If an individual in Massachusetts is taken into custody, there is no guarantee that he or she will be charged with a crime. In some cases, a prosecutor may decide to drop the charge after reading the police report. It is also possible that a judge determines that there is insufficient evidence to charge a person with a crime. How a prosecutor views a given offense may play a role in whether he or she chooses to proceed with a case.
For instance, the prosecutor may have a policy against pursuing marijuana possession cases. However, that person may decide to prosecute a case if failing to do so is likely to create a backlash within the community. This may be especially true if a prosecutor has political aspirations of any kind. Prosecutors do have the option of reducing the charges an individual faces if a conviction on that charge still serves the public interest.
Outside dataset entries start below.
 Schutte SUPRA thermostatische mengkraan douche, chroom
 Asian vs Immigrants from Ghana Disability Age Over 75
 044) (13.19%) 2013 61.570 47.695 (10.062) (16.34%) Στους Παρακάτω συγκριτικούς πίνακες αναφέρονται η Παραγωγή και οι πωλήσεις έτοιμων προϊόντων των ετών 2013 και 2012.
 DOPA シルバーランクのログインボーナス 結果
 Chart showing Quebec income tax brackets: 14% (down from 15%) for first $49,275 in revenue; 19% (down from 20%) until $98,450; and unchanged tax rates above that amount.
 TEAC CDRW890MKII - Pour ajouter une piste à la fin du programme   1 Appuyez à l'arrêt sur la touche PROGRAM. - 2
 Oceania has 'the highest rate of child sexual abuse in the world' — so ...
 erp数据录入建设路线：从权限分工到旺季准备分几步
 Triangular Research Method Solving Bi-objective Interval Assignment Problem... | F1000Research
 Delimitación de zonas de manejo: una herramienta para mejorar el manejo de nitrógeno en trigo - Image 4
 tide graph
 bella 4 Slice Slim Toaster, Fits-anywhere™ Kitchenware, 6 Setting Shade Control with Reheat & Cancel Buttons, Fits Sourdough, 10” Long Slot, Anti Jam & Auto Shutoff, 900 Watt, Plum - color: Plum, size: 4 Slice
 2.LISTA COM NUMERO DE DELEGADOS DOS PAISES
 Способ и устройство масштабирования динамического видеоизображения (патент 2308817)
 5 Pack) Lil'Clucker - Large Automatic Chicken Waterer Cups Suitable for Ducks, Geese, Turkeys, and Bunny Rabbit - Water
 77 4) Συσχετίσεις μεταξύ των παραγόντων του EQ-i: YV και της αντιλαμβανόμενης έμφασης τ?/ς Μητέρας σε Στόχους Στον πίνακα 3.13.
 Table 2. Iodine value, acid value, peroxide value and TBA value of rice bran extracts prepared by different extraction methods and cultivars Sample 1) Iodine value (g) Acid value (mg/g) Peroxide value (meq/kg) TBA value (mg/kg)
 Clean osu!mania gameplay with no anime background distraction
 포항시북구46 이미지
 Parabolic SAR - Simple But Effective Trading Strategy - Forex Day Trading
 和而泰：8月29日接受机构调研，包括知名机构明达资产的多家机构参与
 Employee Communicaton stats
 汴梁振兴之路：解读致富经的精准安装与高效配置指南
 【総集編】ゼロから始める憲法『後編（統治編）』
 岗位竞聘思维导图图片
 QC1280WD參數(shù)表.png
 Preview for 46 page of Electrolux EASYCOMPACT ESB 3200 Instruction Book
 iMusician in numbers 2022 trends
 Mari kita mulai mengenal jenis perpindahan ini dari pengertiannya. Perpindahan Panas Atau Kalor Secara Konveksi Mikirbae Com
Prosecutors can ask a grand jury to decide if there is enough evidence to charge a person. Generally, they don’t need to reveal all of the evidence that they have against an individual, and grand jury proceedings are not open to the public, unlike a traditional trial. It is important to note that a prosecutor can still choose to file charges even if the grand jury doesn’t indict a defendant.
Anyone who is charged with a misdemeanor or felony may want to hire a criminal defense attorney. Doing so may make it possible to more effectively refute evidence used to file a charge against an individual. In some cases, evidence may be suppressed or otherwise thrown out before a trial starts. This may make it easier to negotiate a plea deal or get a case dismissed before it gets to a jury.